Le quotidien économique Les Echos appelle lui aussi à faire "Face à la barbarie" et publie le dernier dessin prémonitoire de Charb, assassiné hier, lé­gendé : "Toujours pas d’attentat en France", auquel répond un terroriste : "On a jusqu’à la fin janvier pour présenter ses vœux." "Des salauds cagoulés ont déclaré la guerre à la France, à notre démocratie, à nos valeurs", dénonce Nicolas Barré dans l’éditorial des Echos (page 10).

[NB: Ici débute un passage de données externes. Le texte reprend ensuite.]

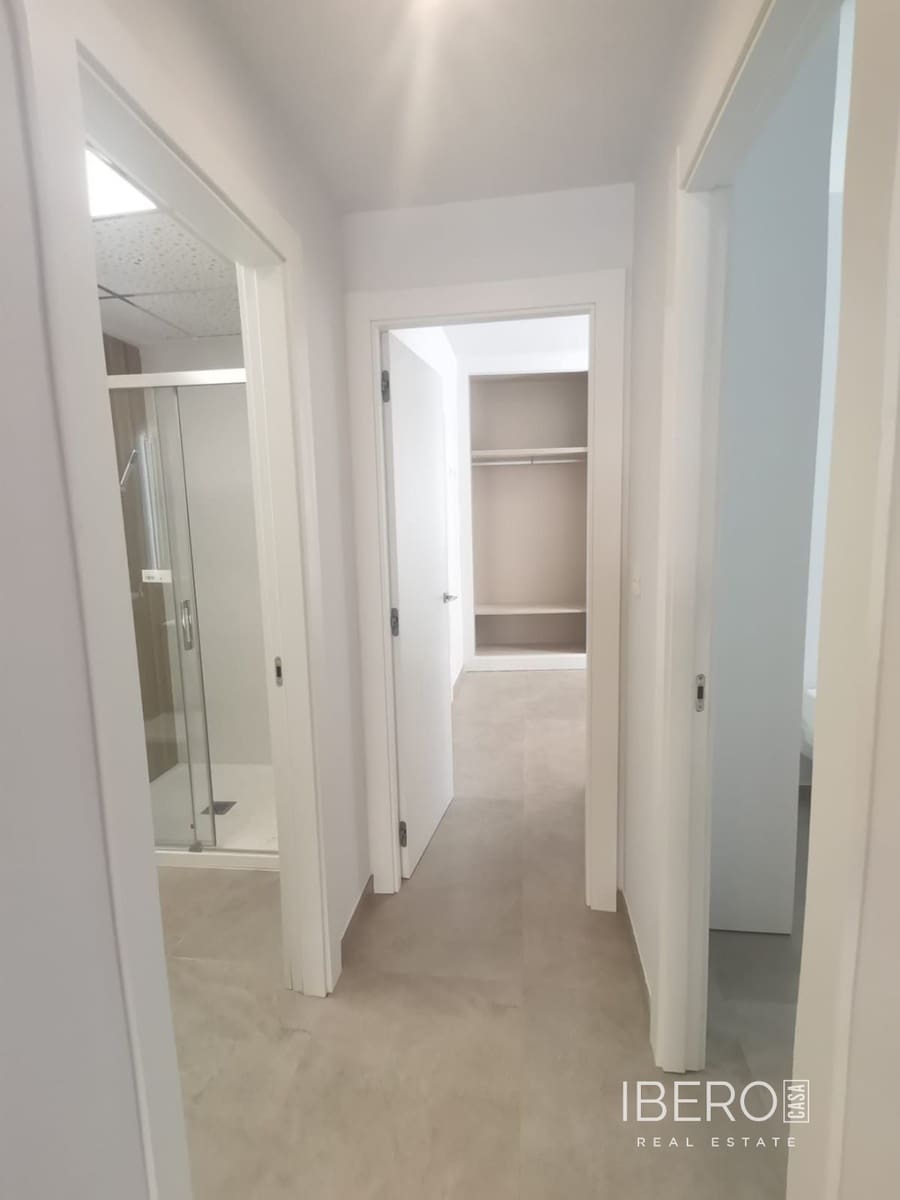 Appartement à vendre à Torrevieja avec garage - 259 000 € (Ref: 9605376)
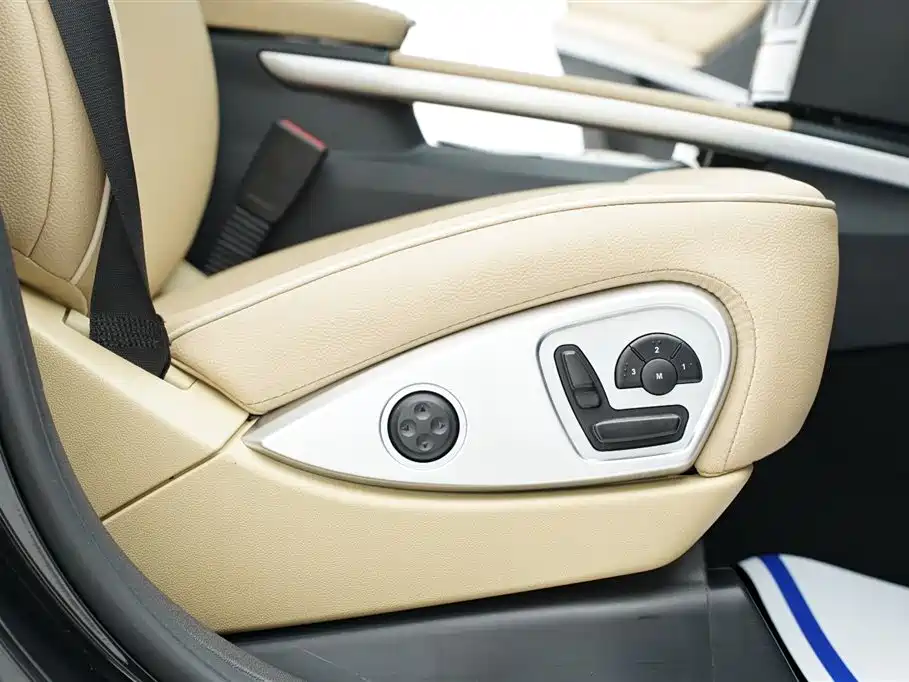 Mercedes-Benz M-Class 2012 — фото 15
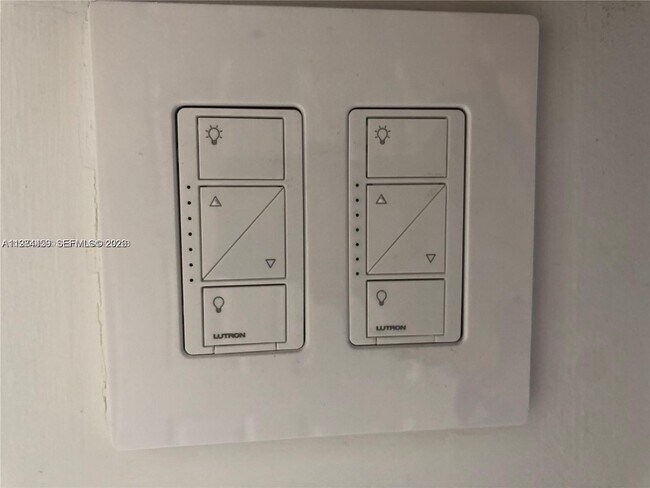 Building Photo - 14255 SW 57th Ln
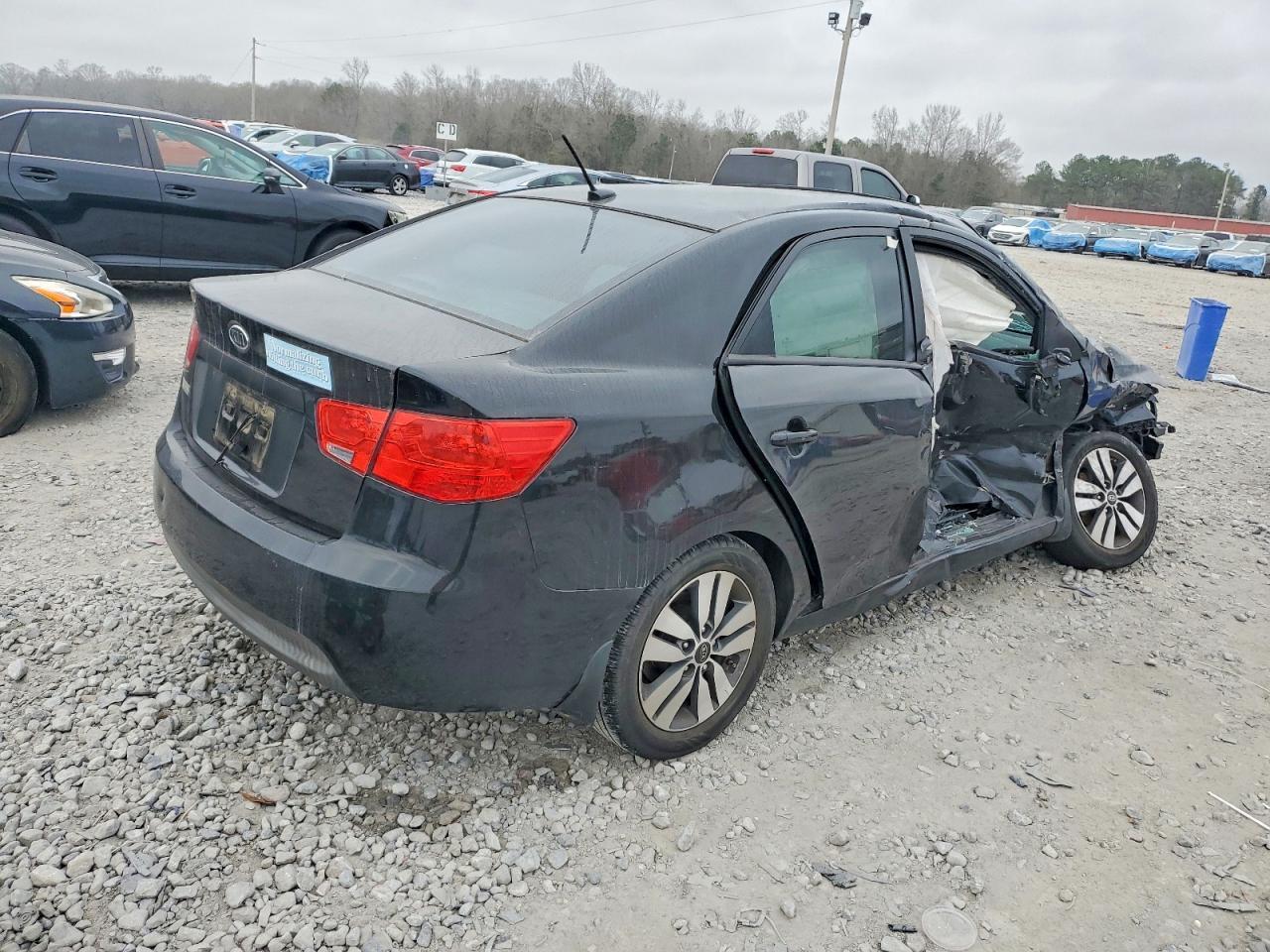 2013 KIA FORTE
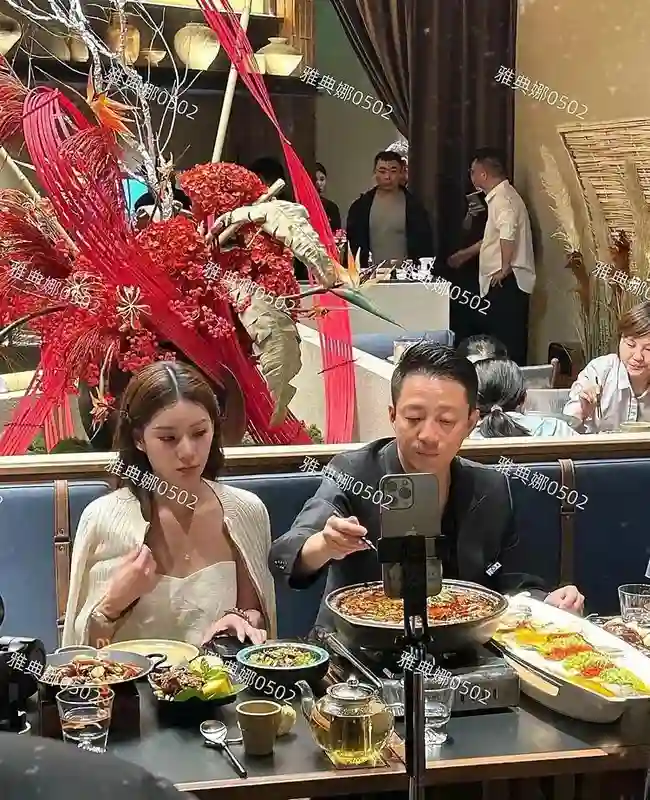汪小菲本人不年轻皮肤也不太好，他跟老婆吃饭面前也要摆手机直播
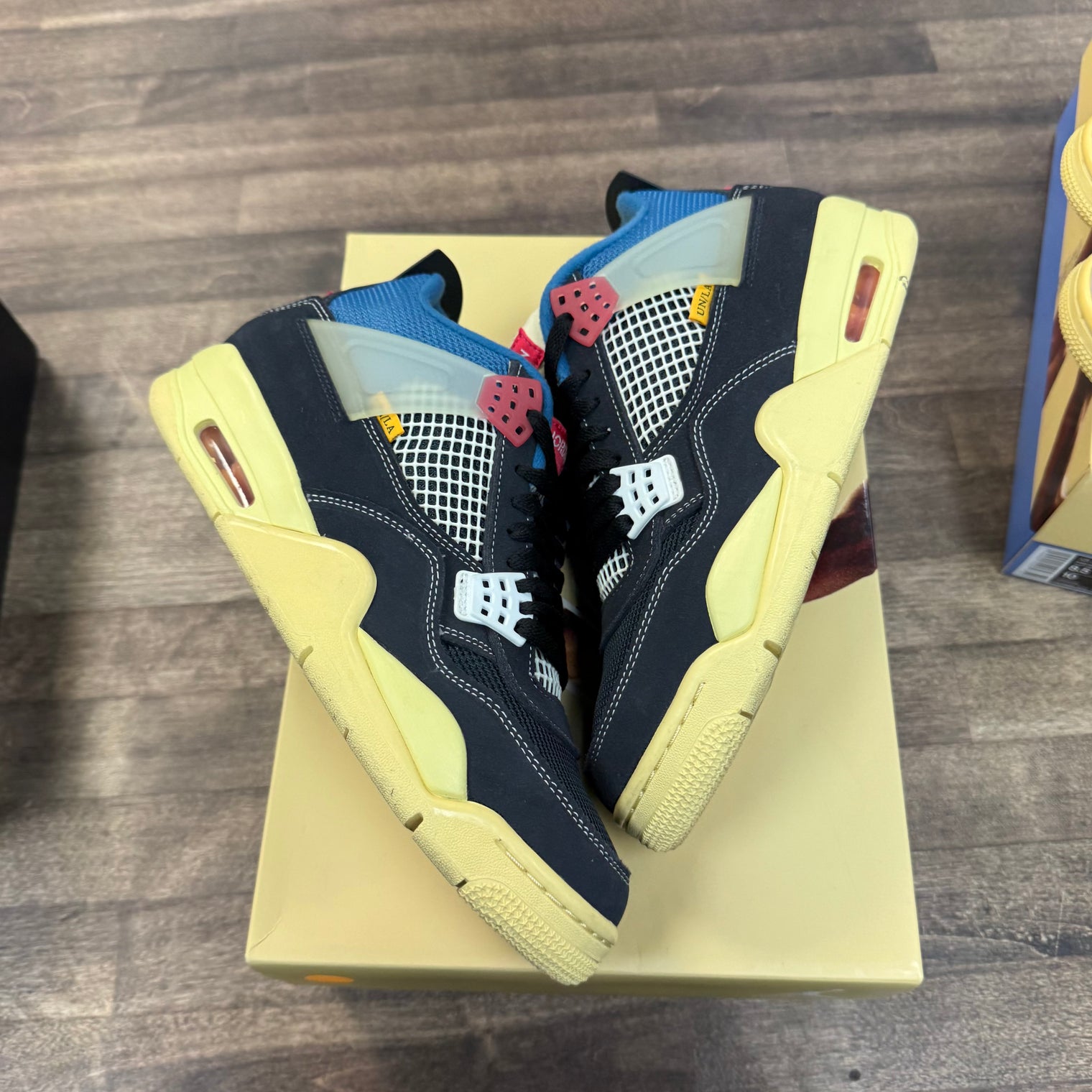 Jordan 4 Retro Union Off Noir (US 8.5) (USED)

"Ils ne tueront pas la liberté", titre la "une" du Parisien/Aujourd’hui, surplombant une forêt de manifestants brandissant des affiches "Je suis Charlie". "Cet attentat, le plus grave commis en France depuis des décennies, est un acte de guerre contre la démocratie, contre la liberté, contre la République, contre tous ces idéaux qui nous animent, écrit le directeur du journal, Thierry Borsa (page 2). (…) Ceux qui manient la terreur au nom de leur religion préfèrent l’obscurantisme, la haine sauvage, la folie meurtrière."

Enfin, La Croix évoque "La France meurtrie", illustrée par un dessin de Deligne, représentant un encrier renversé sur la liberté d’expression. Sur la "une", l’éditorial de la directrice, Dominique Quinio, affirme que "s’attaquer aux médias, à la liberté d’informer (fût-ce de caricaturer), c’est refuser une société de débat, d’insolence et de pluralisme, c’est s’attaquer aux fondements de la démocratie". "Gardons sang-froid et di­gnité, ne cédons pas à la panique, refusons toute exploitation de ce drame. Cette cohésion sera notre hommage aux victimes", conclut l’éditorialiste.